Traditionally, getting my hair cut is roughly equivalent to getting a filling at the dentist: something I delay until the effect of inaction is physically painful. When I traversed to the salon yesterday morning, my hair wasn’t at a crisis point. It’s not really the type of hair that reaches a crisis point: longish, baby-thin, usually flat and occasionally flaky. At the best of times, it sits on my head with a kind of cross-legged poutiness, as though angry at me for not putting product into it.
As I brushed my hair one morning several days ago, looped it into its signature ponytail and tightened the hairband, I realised how bored I was just looking at it. As I commuted to work, I decided to change it completely; cut it short the way it used to be and dye it. Red, I thought. Red would work.
Come Saturday, the hairdresser viciously shampooed and conditioned my neglected scalp with fruity salon product and snipped my tattered locks into the requested bob. The crew was filming, so I swished out of the salon and slid on my sunglasses, running my fingers through the softened strands and leaving a trail of summer orchards in my wake.
On the walk home, I picked up a box of red hair dye and made my first attempt that night. Naturally, it didn’t go to plan. I didn’t put the plastic gloves on first and smeared my hands with permanent red dye, then forgot that my hair was shorter at the back and coated my neck as well. This resulted in a post-adolescent spit-on-handkerchief moment as my mum voraciously scrubbed my stained skin, pinning my hair gypsy-style in a patterned headscarf and muttering things like “honestly” under her breath.

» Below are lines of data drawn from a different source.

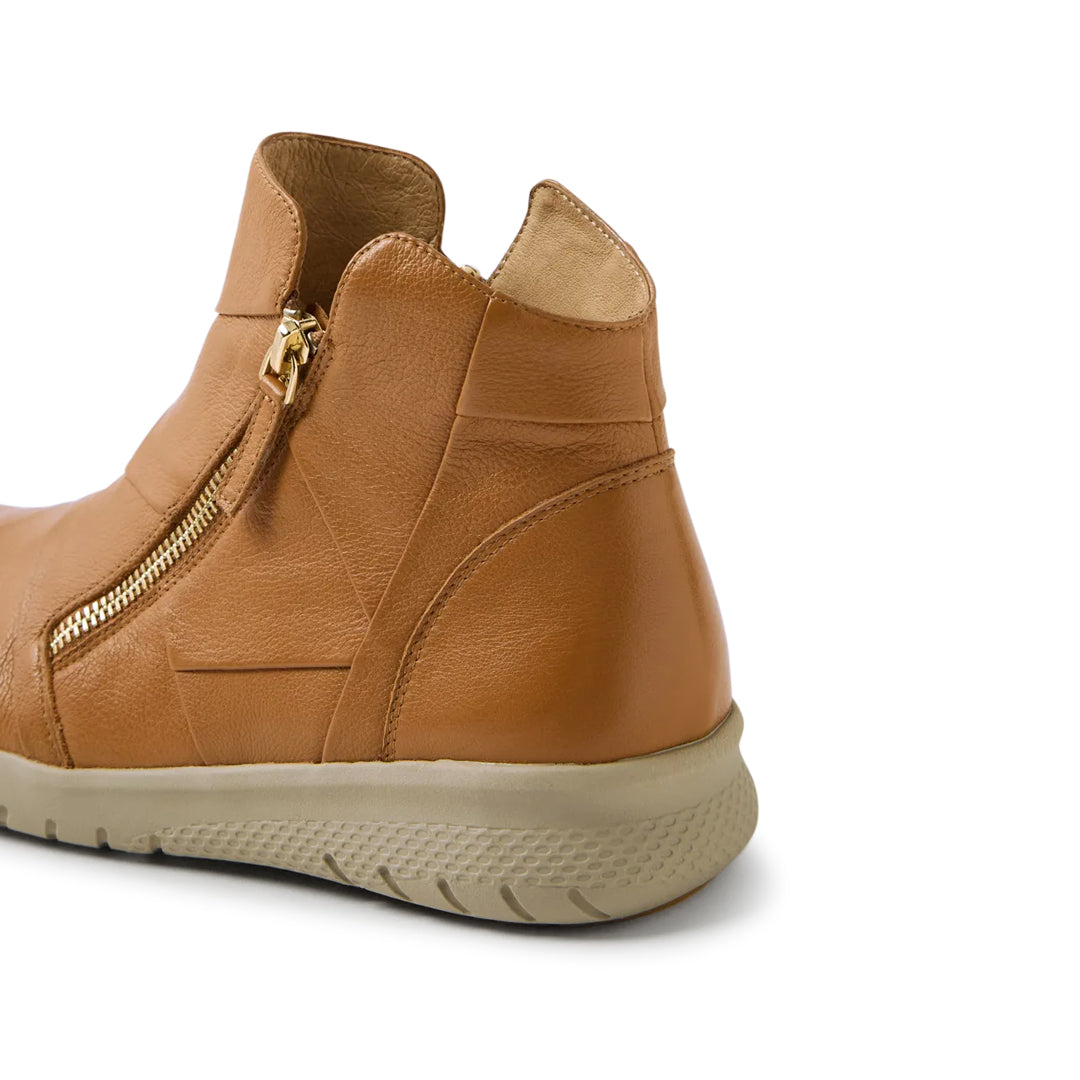 Sisley XF Tan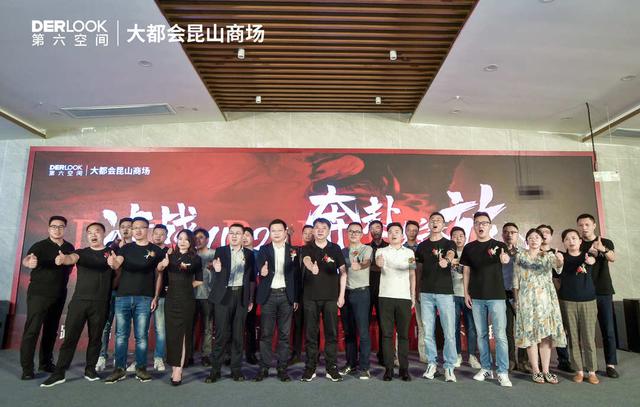 合影图.jpg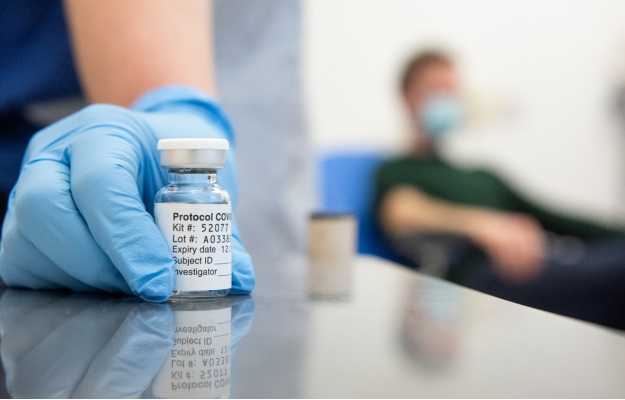 ऑक्सफोर्ड वैक्सीन कोविड-19 के खिलाफ 90 प्रतिशत प्रभावी, पूरी तरह सुरक्षित: एस्ट्राजेनेका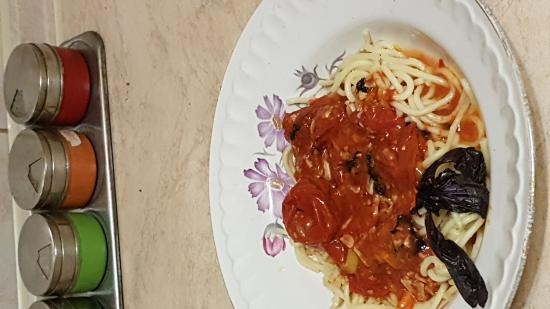 Spageti ar ceptiem tomātiem (liesa)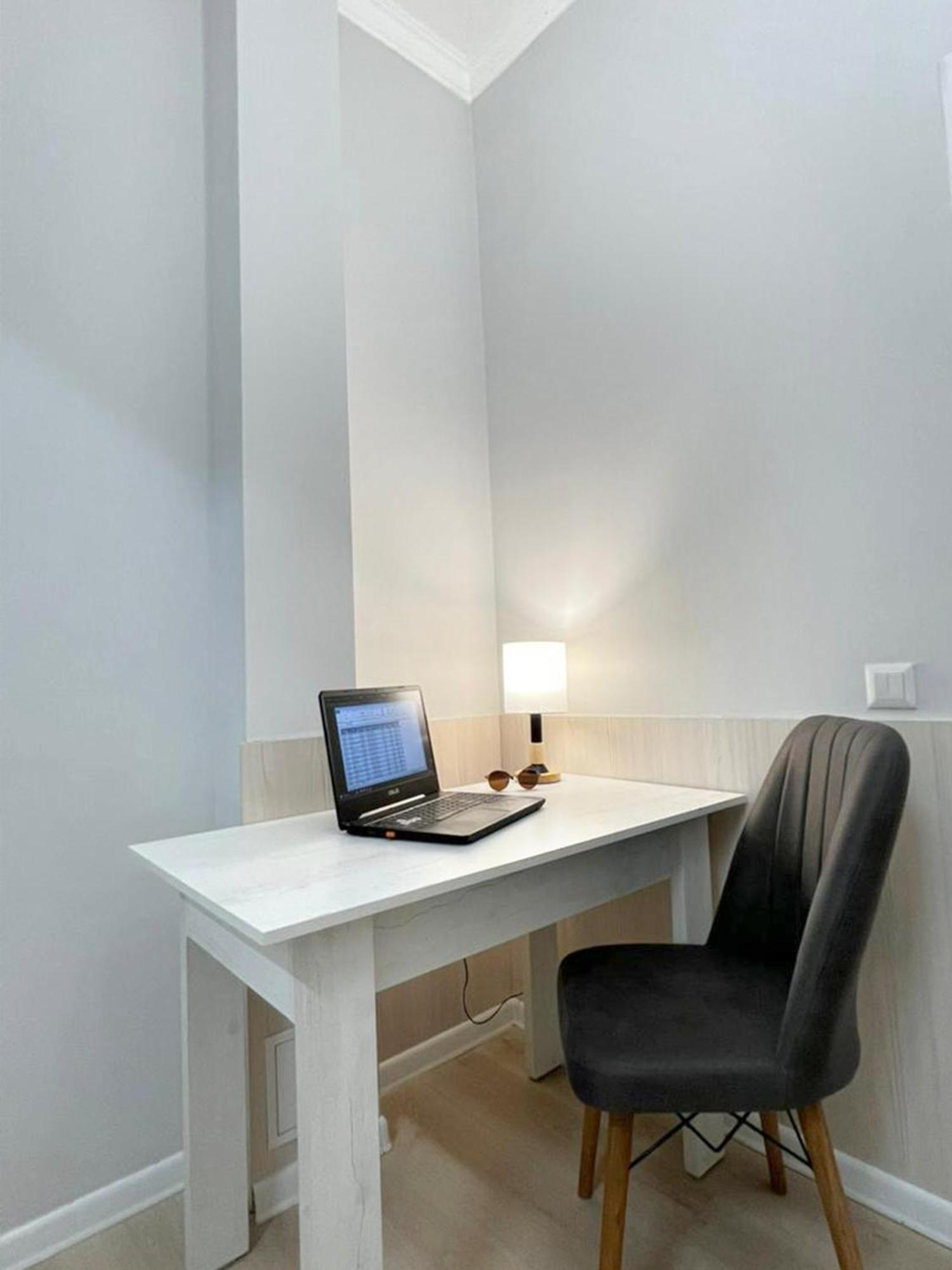 Compass Hostel Bishkek Ngoại thất bức ảnh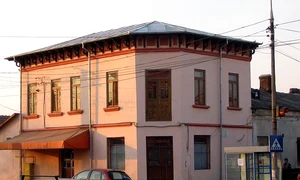 Restaurantul Gării din Buzău, unde Caragiale a și locuit pentru un an, în cele trei odăi de la etaj, se afla, de fapt, peste drum de gara propriu zisă jpeg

Thirty minutes later and I rinsed, relishing the ghoulishly blood-red water, the slick of hair against the porcelain and feeling faintly like a Sylvia Plath poem. Scrub, blow-dry and I’m a redhead and crazily invigorated by it. Even though I’m stuck finishing a 3000-word essay on a sunny weekend, hay-feverish and coming on all flu-like, I finger the shock of strands on my head and I smile.
Anything is possible in a red bob. You can quote me.
Whoo! I love being a redhead, and having hair to play with is fun fun fun. I kind of had the opposite experience – chopping it waaaaay short and then spending a frustrating year growing it out to bob-length again. Although, thinking about it, I guess I just approached the same goal from a different direction.
Anyway, hooray! I’m glad you’ve joined the ranks of the brassy and bobbed, my dear. When can I see it in person?